_COLLECTED MATERIAL_.
%%
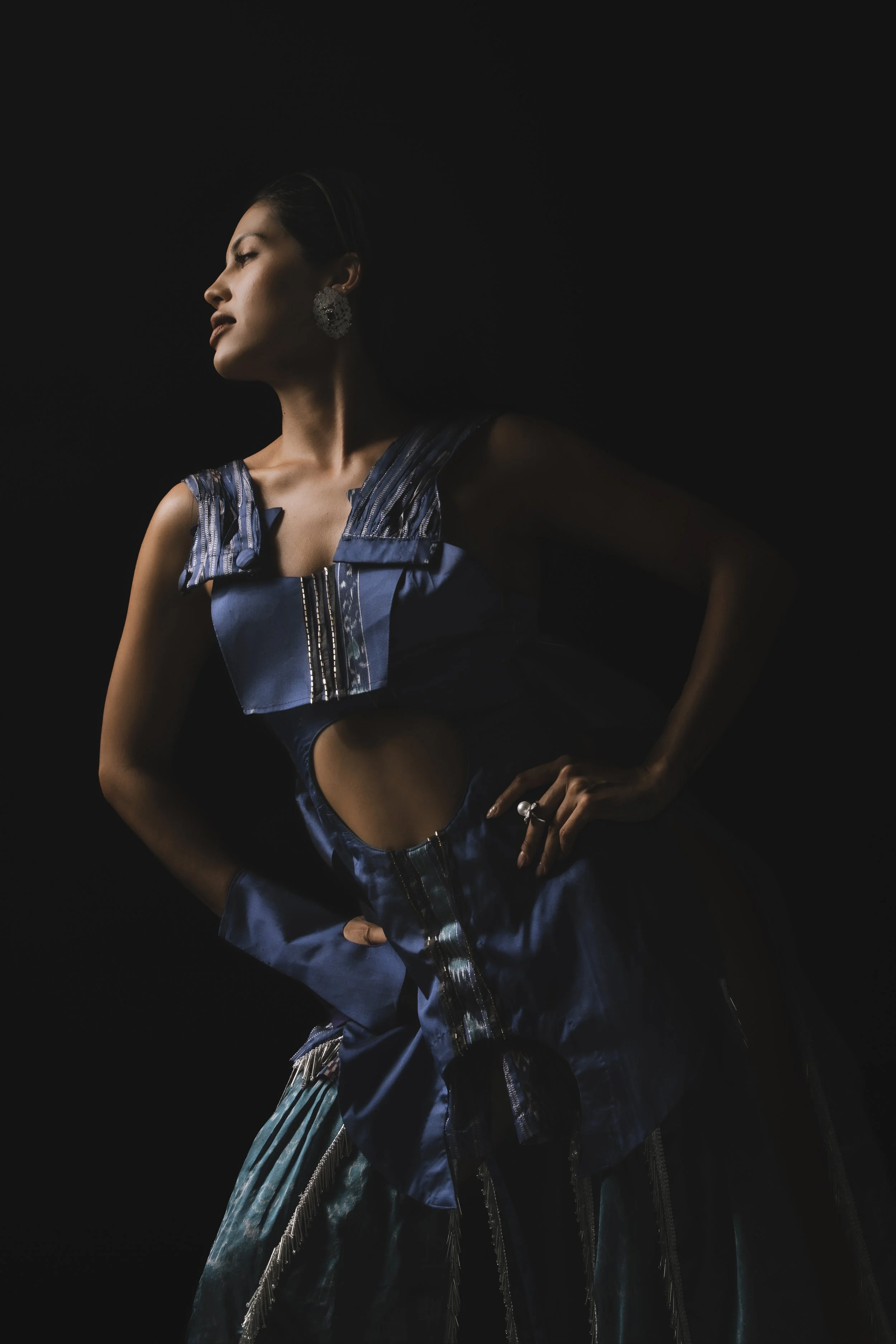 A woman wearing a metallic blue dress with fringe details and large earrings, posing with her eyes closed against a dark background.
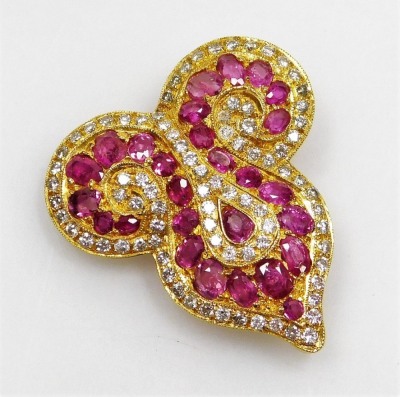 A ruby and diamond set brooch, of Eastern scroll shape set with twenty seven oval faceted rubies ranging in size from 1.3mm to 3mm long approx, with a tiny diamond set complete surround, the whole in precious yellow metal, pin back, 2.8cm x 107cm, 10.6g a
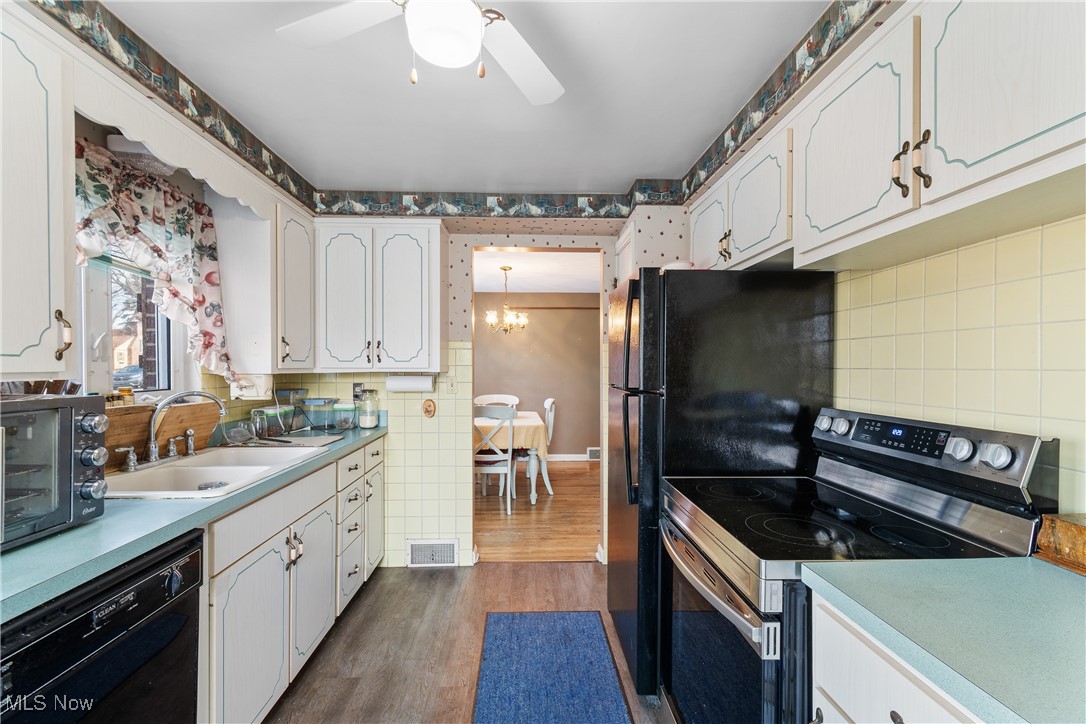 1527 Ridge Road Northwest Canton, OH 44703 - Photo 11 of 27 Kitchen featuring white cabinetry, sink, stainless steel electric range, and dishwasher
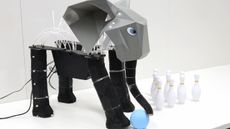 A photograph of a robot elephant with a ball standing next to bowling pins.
%%
_WHAT THIS TASK INVOLVES_.
Make a word-for-word repeat of the material, skipping all pictures.

_EXERCISE SOLUTION_.
 A woman wearing a metallic blue dress with fringe details and large earrings, posing with her eyes closed against a dark background.
 A ruby and diamond set brooch, of Eastern scroll shape set with twenty seven oval faceted rubies ranging in size from 1.3mm to 3mm long approx, with a tiny diamond set complete surround, the whole in precious yellow metal, pin back, 2.8cm x 107cm, 10.6g a
 1527 Ridge Road Northwest Canton, OH 44703 - Photo 11 of 27 Kitchen featuring white cabinetry, sink, stainless steel electric range, and dishwasher
 A photograph of a robot elephant with a ball standing next to bowling pins.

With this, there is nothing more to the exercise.